[Records from a dataset]
--------------------
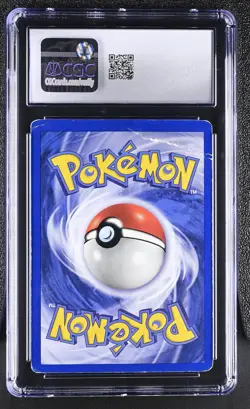 CGC 3 Alakazam 1999 Base Set 1/102 Shadowless Holo Pokemon Card - Image 2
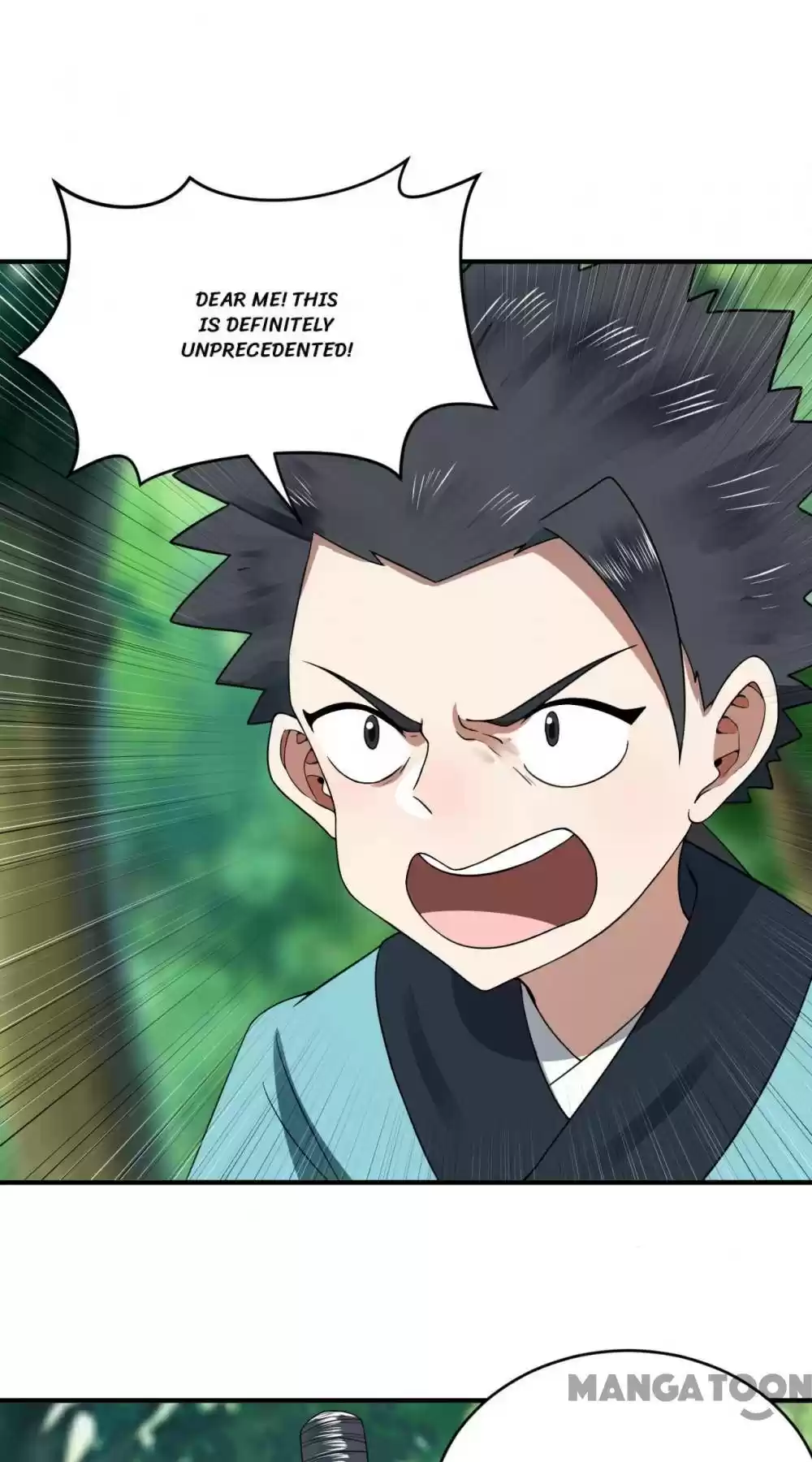 My Three Thousand Years To The Sky Chapter 187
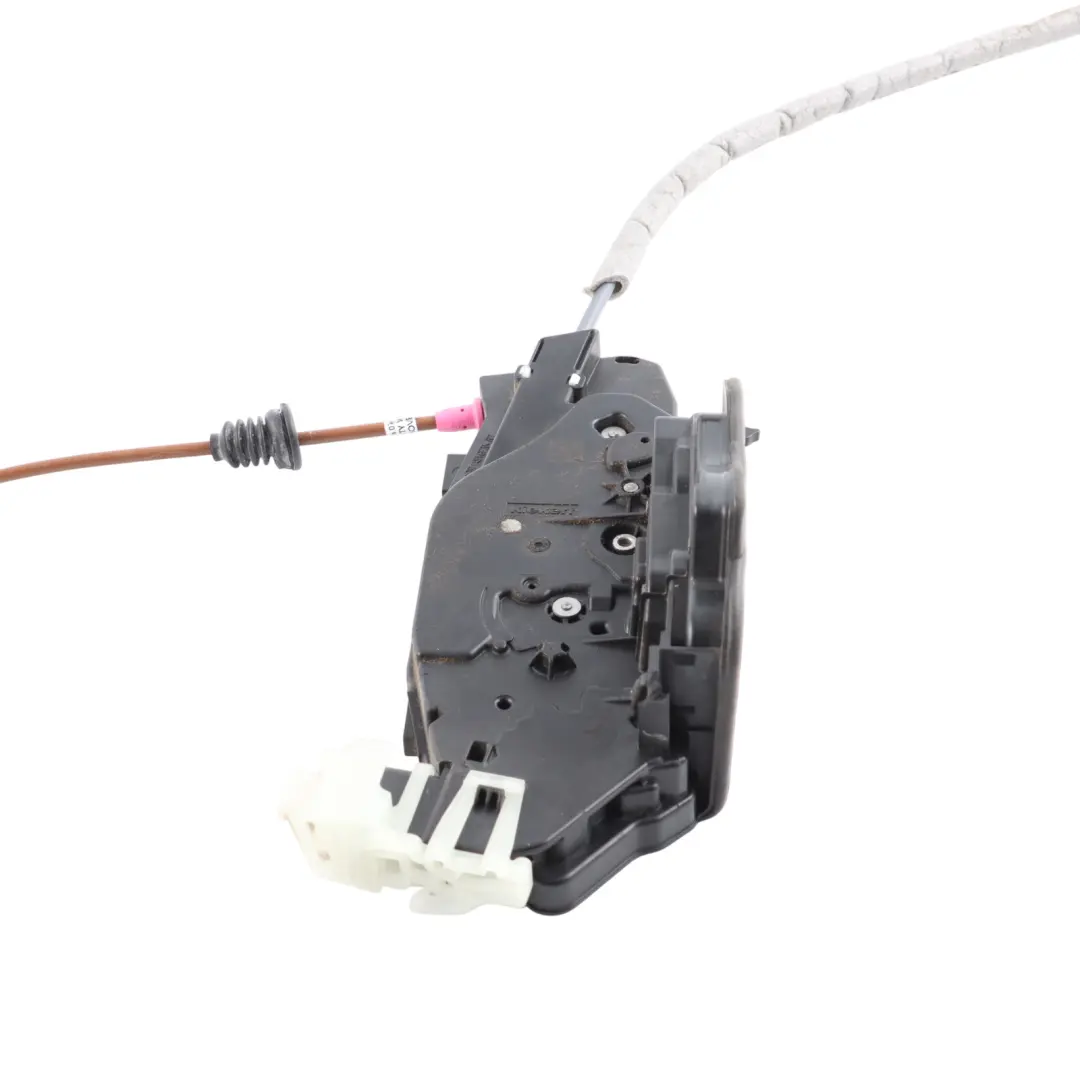 Mechanizm Zamka Drzwi Z Cięgnem Tylny Prawy do Mercedes W206 o numerze A0997305001 Mercedes W206 Mechanizm Zamka Drzwi Z Cięgnem Tylny Prawy - SKU A0997305001 - Numer Części A0997305001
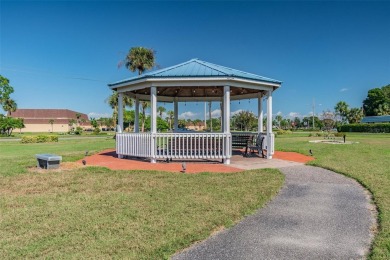 HOME IS LOCATED IN THE DESISR3ED 55+ GATED COMMUNITY OF KINGS on Kings Point Executive Golf Course in Florida - for sale on GolfHomes.com, golf home, golf lot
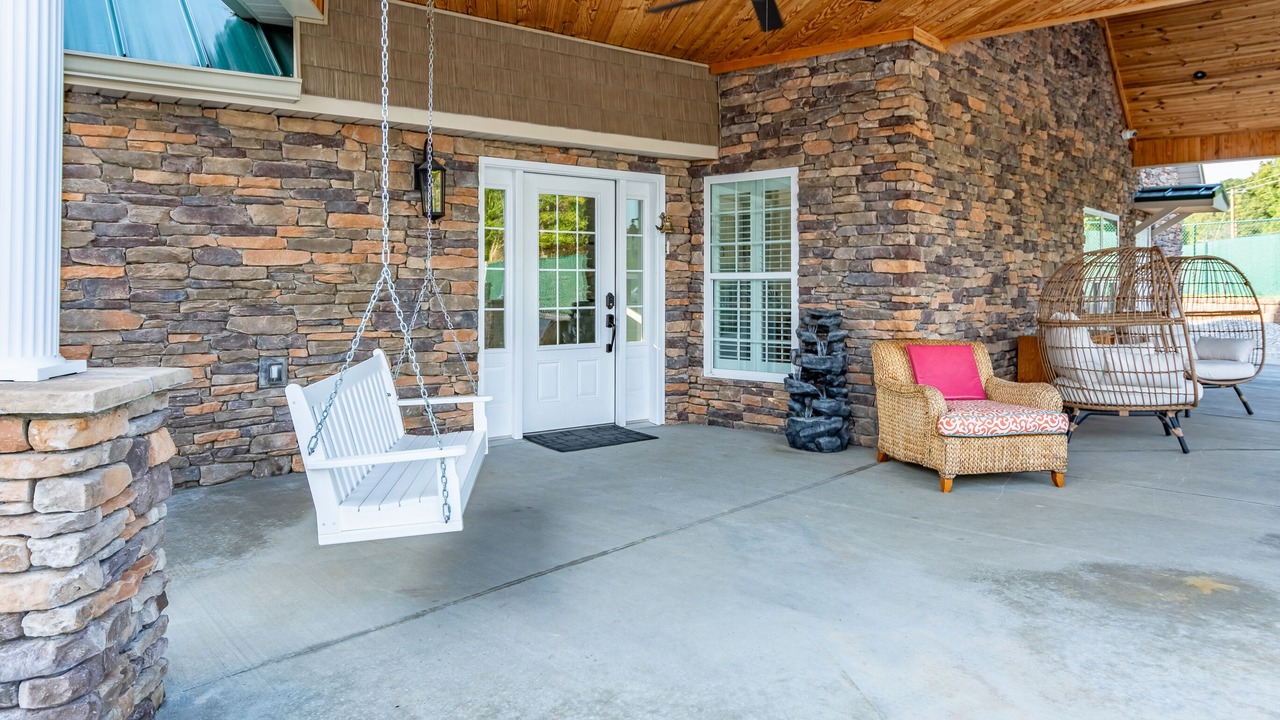 Photo of Patio Balcony in Burnside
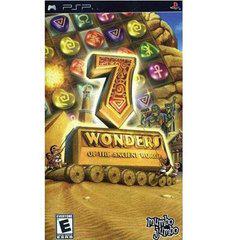 7 Wonders of the Ancient World - (GO) (PSP)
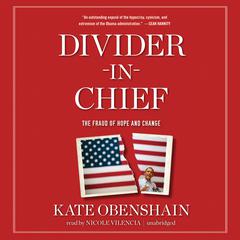 Divider-in-Chief by Kate Obenshain audiobook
--------------------
INSTRUCTIONS TO FOLLOW: The response must repeat all the lines above exactly and include no pictures.

ANSWER SPACE:
 CGC 3 Alakazam 1999 Base Set 1/102 Shadowless Holo Pokemon Card - Image 2
 My Three Thousand Years To The Sky Chapter 187
 Mechanizm Zamka Drzwi Z Cięgnem Tylny Prawy do Mercedes W206 o numerze A0997305001 Mercedes W206 Mechanizm Zamka Drzwi Z Cięgnem Tylny Prawy - SKU A0997305001 - Numer Części A0997305001
 HOME IS LOCATED IN THE DESISR3ED 55+ GATED COMMUNITY OF KINGS on Kings Point Executive Golf Course in Florida - for sale on GolfHomes.com, golf home, golf lot
 Photo of Patio Balcony in Burnside
 7 Wonders of the Ancient World - (GO) (PSP)
 Divider-in-Chief by Kate Obenshain audiobook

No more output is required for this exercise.